**Task description**
When the listing below reaches the line that has "White cartoon sheep", start reproducing exactly; stop after the line that has "Black Dr. Martens, shiny", and drop the pictures.

**Records shown**
+ + +
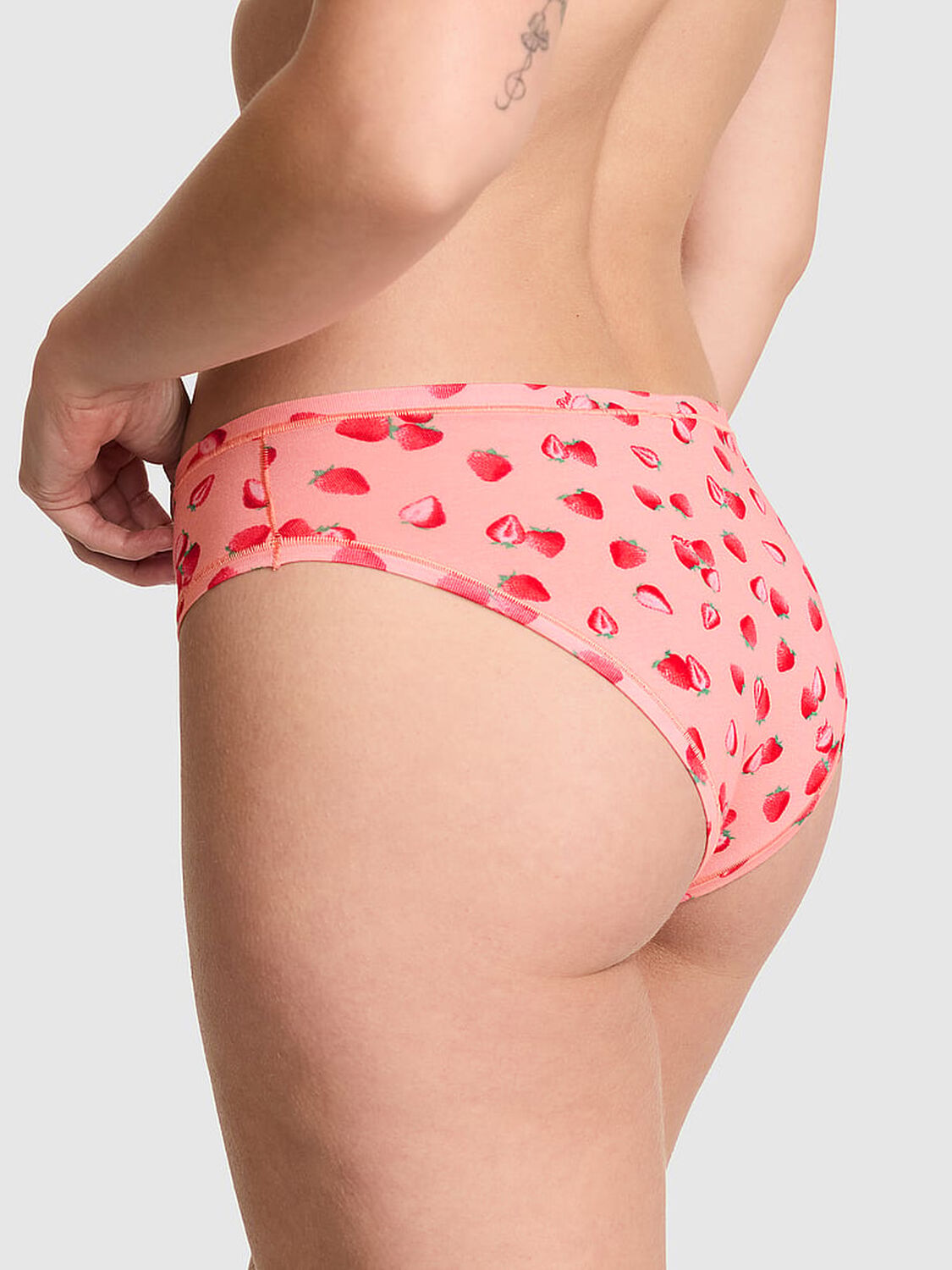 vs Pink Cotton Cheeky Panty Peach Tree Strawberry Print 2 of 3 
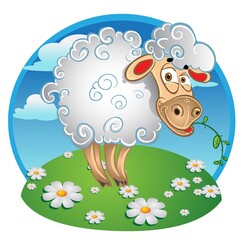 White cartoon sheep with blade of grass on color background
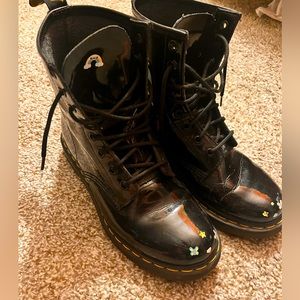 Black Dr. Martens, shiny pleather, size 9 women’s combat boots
+ + +
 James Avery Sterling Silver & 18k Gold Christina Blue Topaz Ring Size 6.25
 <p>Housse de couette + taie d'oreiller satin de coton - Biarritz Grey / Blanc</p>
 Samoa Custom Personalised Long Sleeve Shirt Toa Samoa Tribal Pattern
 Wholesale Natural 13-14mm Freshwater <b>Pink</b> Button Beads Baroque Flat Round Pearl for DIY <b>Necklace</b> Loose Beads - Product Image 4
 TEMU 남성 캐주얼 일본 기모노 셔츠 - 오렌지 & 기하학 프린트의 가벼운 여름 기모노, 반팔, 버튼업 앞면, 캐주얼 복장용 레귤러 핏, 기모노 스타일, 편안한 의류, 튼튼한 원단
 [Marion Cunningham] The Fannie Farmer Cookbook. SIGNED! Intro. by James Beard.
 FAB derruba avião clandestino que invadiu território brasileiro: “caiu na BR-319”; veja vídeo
+ + +
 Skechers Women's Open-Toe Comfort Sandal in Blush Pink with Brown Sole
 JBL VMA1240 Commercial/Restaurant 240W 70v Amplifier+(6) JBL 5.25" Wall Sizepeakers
+ + +
**Output**
 White cartoon sheep with blade of grass on color background
 Black Dr. Martens, shiny pleather, size 9 women’s combat boots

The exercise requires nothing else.